Что-то мягкое и тёплое вдруг ткнулось ему в плечо, и кто-то очень, видимо, большой тяжко вздохнул у него над ухом. Он вздрогнул, но сейчас же улыбнулся своему испугу. Это была лошадь, которой, наверное, наскучило щипать траву в одиночестве или просто захотелось проведать своего хозяина, слишком уж долго лежавшего в полной неподвижности на земле. Перевернувшись, он сел и прислонился спиной к дубу. Лошадиная морда, пожёвывая губами, мерно покачивалась у его лица, и её добрые, влажно блестевшие из-под чёлки глаза сочувственно смотрели на него: дескать, что ж ты так раскис, поэт?
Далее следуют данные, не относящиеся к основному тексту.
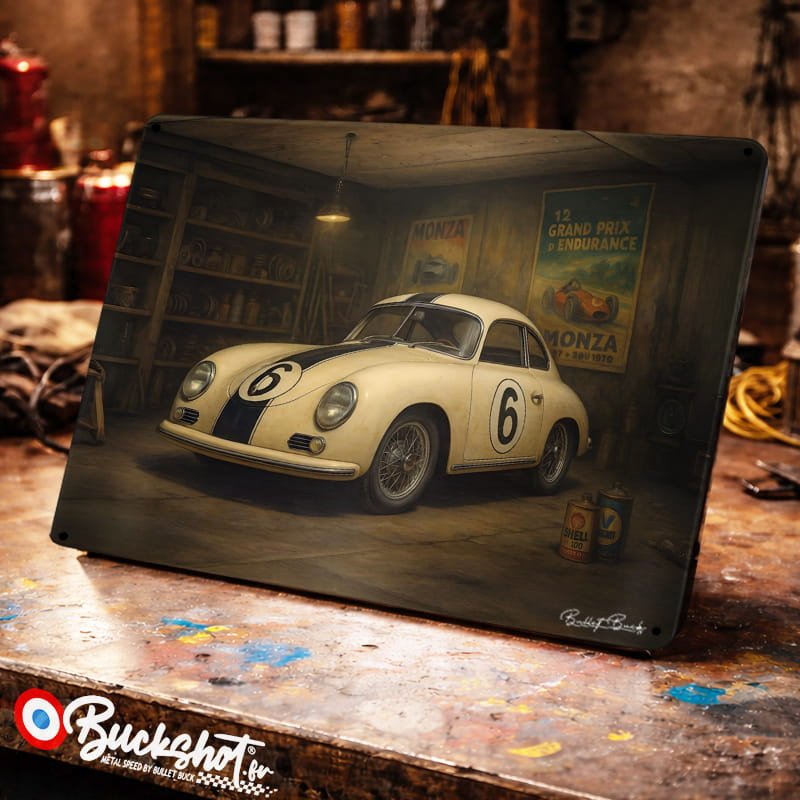 Plaque métallique publicitaire – Illustration Porsche 356 Coupé de 1952 – Garage Vintage – Buckshot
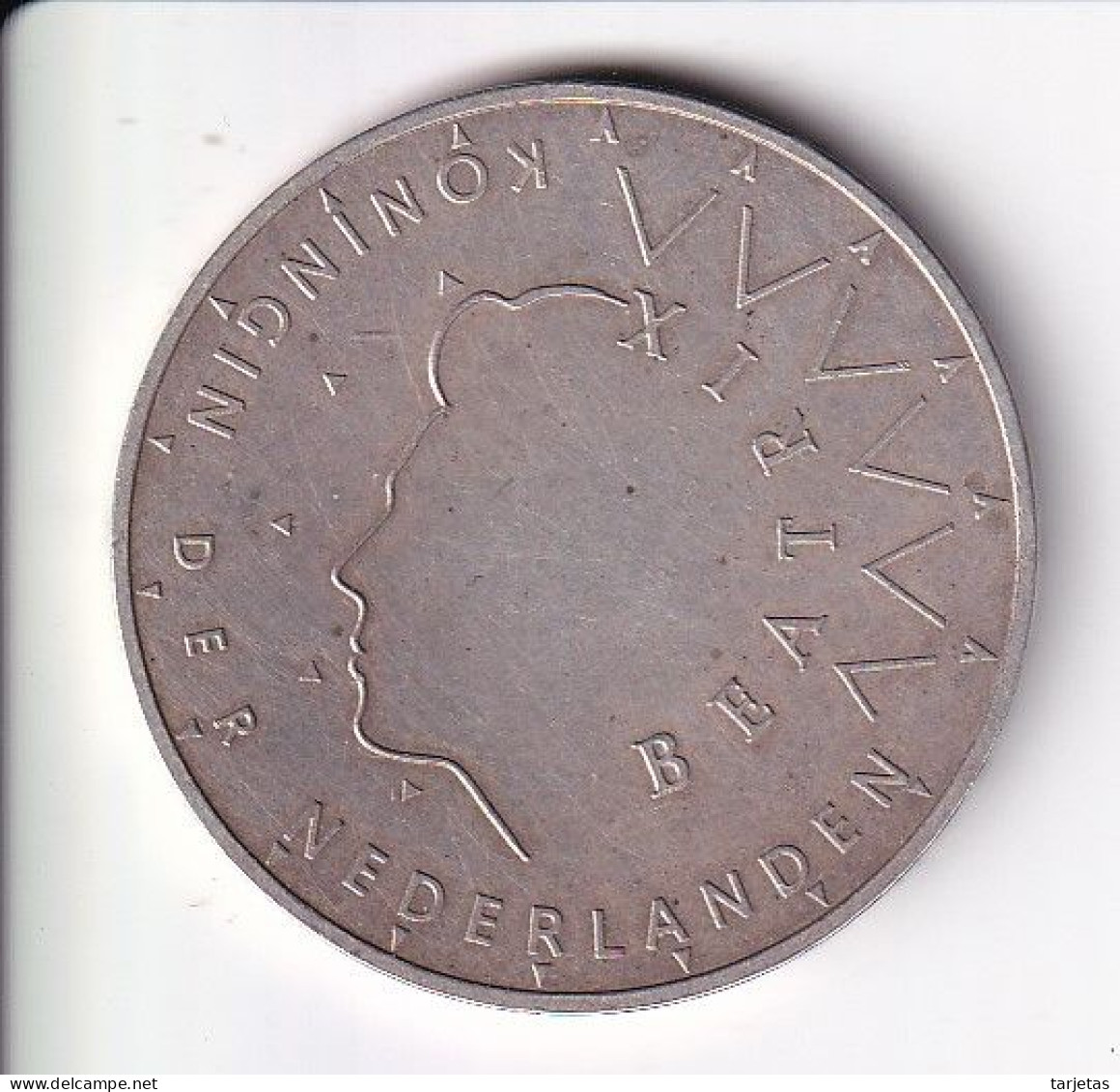 MONEDA DE PLATA DE HOLANDA DE 50 FLORINES DEL AÑO 1987 (SILVER-ARGENT) - 1980-2001 : Beatrix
А? Повалился на траву, сжался весь, голова в плечи... Подумаешь! Было бы из-за чего... Солнце светит, птицы щебечут, лес стоит, и жизнь продолжается, и ты молод, ты здоров... Как-нибудь всё уладится, поэт, всё образуется само собой! А может быть, и все страхи твои напрасны, и опять, в который раз, прав будешь ты, а не они. Слишком много ты значил и значишь для герцога. И слишком всё-таки необычна твоя судьба, чтобы переломил её такой, по совести говоря, пустяк... Да-да, если здраво рассудить – пустяк, совершеннейший пустяк...

V

   – Ваше превосходительство, вас ожидают. Уже часа два, не меньше, – сказал, принимая поводья, Филипп, когда он ловко соскочил с взмыленной лошади, ещё и вздыбив её напоследок у самого крыльца.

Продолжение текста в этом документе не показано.